Sullivan is the principal author of a new ethics guide for Canada’s family doctors that tackles the issues of assisted suicide and voluntary euthanasia. Published by the College of Physicians of Canada, the new “Guide for Reflection on Ethical Issues Concerning Assisted Suicide and Voluntary Euthanasia” is necessarily neutral on the change in the law mandated by the Supreme Court of Canada in a landmark decision last February. But there’s more to the issue than law, Sullivan told The Catholic Register.
“The key issue is that while this (Supreme Court decision) opens up all kinds of possibilities, it also makes it clear that physicians are going to be faced with a lot and they have to say more than just what the law says — which might have been what used to happen,” Sullivan said. “They’re going to have to engage in some deliberative process.”
While in the extreme instance it may be necessary for a doctor who morally objects to assisting in a suicide to transfer care of a patient to another doctor of the patient’s choosing, it’s never ideal to sever the relationship between doctor and patient. Instead, Sullivan hopes to see doctors engage in serious, respectful and deep conversations with their patients about end-of-life decisions.
When patients say they want to die, there’s a lot behind that statement. Before any decision becomes final, doctor and patient together need to explore the full background behind a desire to hasten death.
“The person who is making this request is already, in a sense, voicing a conclusion based on their perceived situation and maybe the very limited options that they perceive,” said Sullivan.
“Ethical deliberation between physician and patient should be specific and take into account the unique circumstances of each case,” reads the new guide for Canada’s family doctors. “The same standards of due diligence and care in ethical reasoning that pertain to the care of any patient should be maintained when physicians deliberate about the care of patients who have serious illnesses, diseases or disabilities and/or who are dying.”
But that kind of deliberation presumes a certain kind of doctorpatient relationship — one that takes time to establish and may be at odds with patient expectations.
There are many patients who still expect a paternalistic, doctorknows- best relationship and many doctors who comfortably slide into that role.
“The doc made the decisions and you just listened,” is how Sullivan describes this.
If this is what the patient expects from the doctor, then the patient may be unwilling or unprepared to engage in deep reflection on his or her values and hopes, or the reasons why death seems so inviting.
An almost opposite tendency also gets in the way of a serious reflection on the reasons behind a request for assisted suicide. Many doctor-patient relationships today follow a “consumerist model,” said Sullivan.

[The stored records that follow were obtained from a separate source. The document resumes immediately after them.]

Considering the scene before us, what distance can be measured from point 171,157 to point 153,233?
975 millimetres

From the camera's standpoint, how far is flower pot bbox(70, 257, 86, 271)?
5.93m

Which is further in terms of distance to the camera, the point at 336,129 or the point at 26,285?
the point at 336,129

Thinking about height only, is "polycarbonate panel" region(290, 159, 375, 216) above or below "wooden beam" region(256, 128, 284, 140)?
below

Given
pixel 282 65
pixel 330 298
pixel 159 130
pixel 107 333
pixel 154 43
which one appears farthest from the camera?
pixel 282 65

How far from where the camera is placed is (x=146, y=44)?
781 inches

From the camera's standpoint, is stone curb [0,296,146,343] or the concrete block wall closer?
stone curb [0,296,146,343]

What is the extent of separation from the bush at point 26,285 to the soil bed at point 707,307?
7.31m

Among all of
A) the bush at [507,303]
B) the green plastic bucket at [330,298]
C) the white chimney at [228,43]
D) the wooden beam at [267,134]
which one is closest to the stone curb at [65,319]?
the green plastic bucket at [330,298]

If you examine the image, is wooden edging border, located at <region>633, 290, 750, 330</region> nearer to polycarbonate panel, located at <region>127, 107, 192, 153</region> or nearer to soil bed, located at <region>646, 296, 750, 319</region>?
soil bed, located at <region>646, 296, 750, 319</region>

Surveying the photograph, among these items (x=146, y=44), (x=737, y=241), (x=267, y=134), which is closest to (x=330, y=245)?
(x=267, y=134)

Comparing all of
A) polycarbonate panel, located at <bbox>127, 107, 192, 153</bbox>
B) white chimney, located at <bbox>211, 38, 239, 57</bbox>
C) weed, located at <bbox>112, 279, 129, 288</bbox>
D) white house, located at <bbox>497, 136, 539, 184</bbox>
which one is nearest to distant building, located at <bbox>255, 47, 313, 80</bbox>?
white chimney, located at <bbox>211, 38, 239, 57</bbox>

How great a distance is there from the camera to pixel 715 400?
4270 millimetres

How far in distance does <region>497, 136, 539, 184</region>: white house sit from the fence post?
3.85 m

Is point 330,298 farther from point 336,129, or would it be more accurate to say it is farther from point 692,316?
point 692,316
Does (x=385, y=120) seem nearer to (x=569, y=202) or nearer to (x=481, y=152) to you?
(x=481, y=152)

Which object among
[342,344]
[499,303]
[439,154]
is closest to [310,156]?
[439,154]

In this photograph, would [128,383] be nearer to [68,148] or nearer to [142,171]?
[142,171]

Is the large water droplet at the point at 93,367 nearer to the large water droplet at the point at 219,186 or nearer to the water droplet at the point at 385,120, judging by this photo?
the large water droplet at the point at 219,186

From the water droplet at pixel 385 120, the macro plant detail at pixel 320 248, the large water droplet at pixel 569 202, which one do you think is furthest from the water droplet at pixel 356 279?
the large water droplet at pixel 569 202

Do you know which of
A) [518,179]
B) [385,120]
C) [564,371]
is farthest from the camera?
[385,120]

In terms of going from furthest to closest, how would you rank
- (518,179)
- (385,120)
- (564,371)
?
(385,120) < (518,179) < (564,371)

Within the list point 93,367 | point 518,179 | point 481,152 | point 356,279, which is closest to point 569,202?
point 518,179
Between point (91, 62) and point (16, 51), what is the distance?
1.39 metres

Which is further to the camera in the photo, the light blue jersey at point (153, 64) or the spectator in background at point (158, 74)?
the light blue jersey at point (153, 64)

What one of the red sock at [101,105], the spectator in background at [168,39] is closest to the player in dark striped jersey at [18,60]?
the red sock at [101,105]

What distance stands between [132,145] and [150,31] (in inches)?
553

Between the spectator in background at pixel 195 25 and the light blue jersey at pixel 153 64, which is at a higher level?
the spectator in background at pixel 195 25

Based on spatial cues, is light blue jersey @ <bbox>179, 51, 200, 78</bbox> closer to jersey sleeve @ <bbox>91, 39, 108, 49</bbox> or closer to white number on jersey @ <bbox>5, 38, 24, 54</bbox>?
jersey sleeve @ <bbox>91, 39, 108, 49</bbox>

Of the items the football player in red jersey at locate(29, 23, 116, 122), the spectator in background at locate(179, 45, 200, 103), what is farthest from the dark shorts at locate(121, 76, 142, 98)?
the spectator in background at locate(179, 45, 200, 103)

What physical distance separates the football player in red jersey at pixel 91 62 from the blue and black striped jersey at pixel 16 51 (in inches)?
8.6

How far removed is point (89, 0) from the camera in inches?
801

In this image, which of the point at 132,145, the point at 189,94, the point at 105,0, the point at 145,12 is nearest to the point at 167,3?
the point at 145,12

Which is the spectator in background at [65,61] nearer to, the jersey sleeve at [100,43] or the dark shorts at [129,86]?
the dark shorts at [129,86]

Like a shopper in a department store, in this model patients believe they’re in control — or that they’re supposed to be.

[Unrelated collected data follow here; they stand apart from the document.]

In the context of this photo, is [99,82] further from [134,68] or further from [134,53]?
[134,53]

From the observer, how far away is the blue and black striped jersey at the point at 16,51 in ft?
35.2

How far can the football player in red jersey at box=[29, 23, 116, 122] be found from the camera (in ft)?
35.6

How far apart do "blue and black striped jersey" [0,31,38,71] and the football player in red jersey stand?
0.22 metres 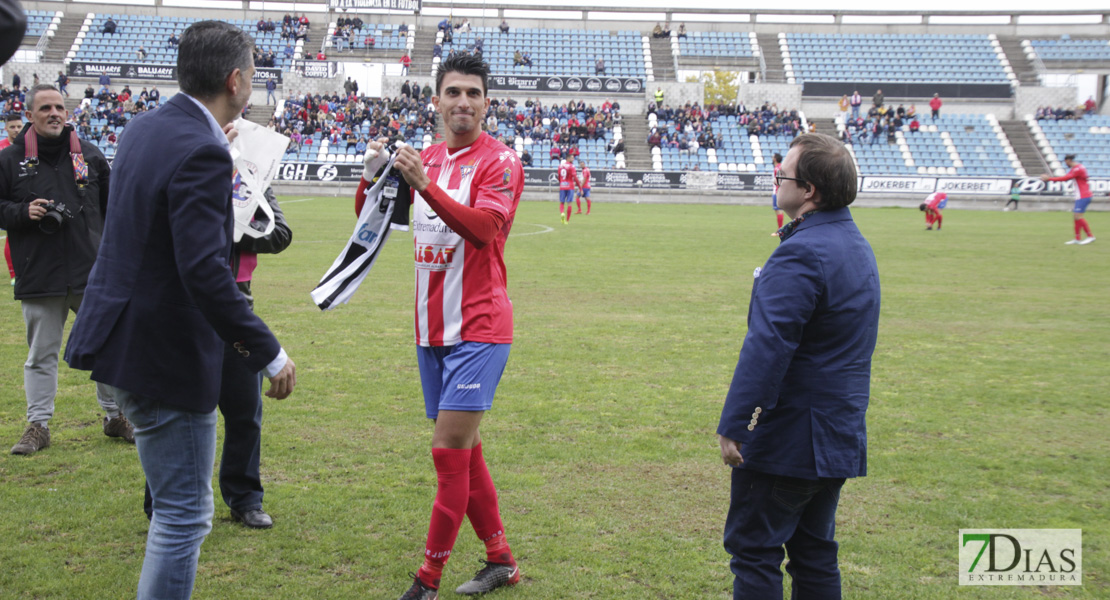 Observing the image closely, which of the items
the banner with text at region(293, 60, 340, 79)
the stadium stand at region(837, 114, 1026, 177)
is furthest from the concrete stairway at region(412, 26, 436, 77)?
the stadium stand at region(837, 114, 1026, 177)

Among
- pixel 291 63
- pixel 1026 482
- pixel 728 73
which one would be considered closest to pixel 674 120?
pixel 728 73

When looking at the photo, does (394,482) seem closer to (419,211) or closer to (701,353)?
(419,211)

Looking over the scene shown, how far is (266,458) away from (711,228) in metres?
20.6

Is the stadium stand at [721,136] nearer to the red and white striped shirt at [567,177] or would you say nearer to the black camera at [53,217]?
the red and white striped shirt at [567,177]

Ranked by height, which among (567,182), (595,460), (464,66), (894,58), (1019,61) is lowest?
(595,460)

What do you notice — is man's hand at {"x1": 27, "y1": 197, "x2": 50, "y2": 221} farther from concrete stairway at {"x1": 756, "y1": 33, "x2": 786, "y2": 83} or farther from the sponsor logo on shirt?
concrete stairway at {"x1": 756, "y1": 33, "x2": 786, "y2": 83}

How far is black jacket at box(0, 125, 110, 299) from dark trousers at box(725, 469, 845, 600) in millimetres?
4737

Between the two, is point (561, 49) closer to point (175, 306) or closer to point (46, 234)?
point (46, 234)

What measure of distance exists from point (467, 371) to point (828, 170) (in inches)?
68.5

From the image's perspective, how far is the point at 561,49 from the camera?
191 feet

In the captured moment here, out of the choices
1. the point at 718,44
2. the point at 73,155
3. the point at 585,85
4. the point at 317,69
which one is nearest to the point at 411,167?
the point at 73,155

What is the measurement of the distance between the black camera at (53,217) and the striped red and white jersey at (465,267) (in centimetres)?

“You’ve got some goods and services and I’m the purchaser of those — that’s the sort of model that many people are familiar with,” said Sullivan.
But that model also stymies conversation. It just comes down to supply and demand. The only decision the doctor has to make is whether to stock assisted death behind the counter. Then the doctor has to determine whether the patient is a reasonably informed consumer.
Ideally doctors should know their patients and patients should know and trust their caregivers, said Sullivan. In that sort of relationship the truth of things and what’s best for everyone is arrived at slowly and together.
Doing more than just dispensing facts and responding to demands would push doctors into a deeper relationship with patients, “going beyond to actually walk with people in trying to make sense for them with this information.”
Sullivan calls this a “deliberative model” of the doctor-patient relationship.
He acknowledges that such a relationship demands a lot more of both doctors and patients. A conversation about death and all its consequences for those living who remain isn’t something that can be covered in an eight-minute consultation.
“Regardless of what the issue is, that is a level of involvement that I suspect doesn’t happen all that often,” Sullivan said. “And yet it’s something to be desired, I think, if physicians are good at helping people with that (end-oflife decisions) at least in the realm of medicine.”
By putting the euthanasia question in the context of the doctor-patient relationship, rather than just patient demand or patient autonomy, Sullivan believes doctors could practice better medicine generally.
“The whole focus at this stage in the debate is on the capacity of the patient who is making the decision. That’s sort of the legal context,” he said. “Right now at least, it all comes down to capacity.
It didn’t begin there necessarily in the dialogue in Canada. Capacity wasn’t the key issue. And I suspect it won’t end there. Already people are saying, ‘Well, what about advance directives, when a person is no longer capable?’ ”
Sullivan believes patients want doctors who think about the issues and share their insights.
“First of all, I think it’s a good thing that physicians have positions on some things,” he said. “If they come across something for which their conscience prevents them from following a request from a patient, then they should not be required to ignore that. There should be a provision that they’re not involved to a level that would violate their conscience.”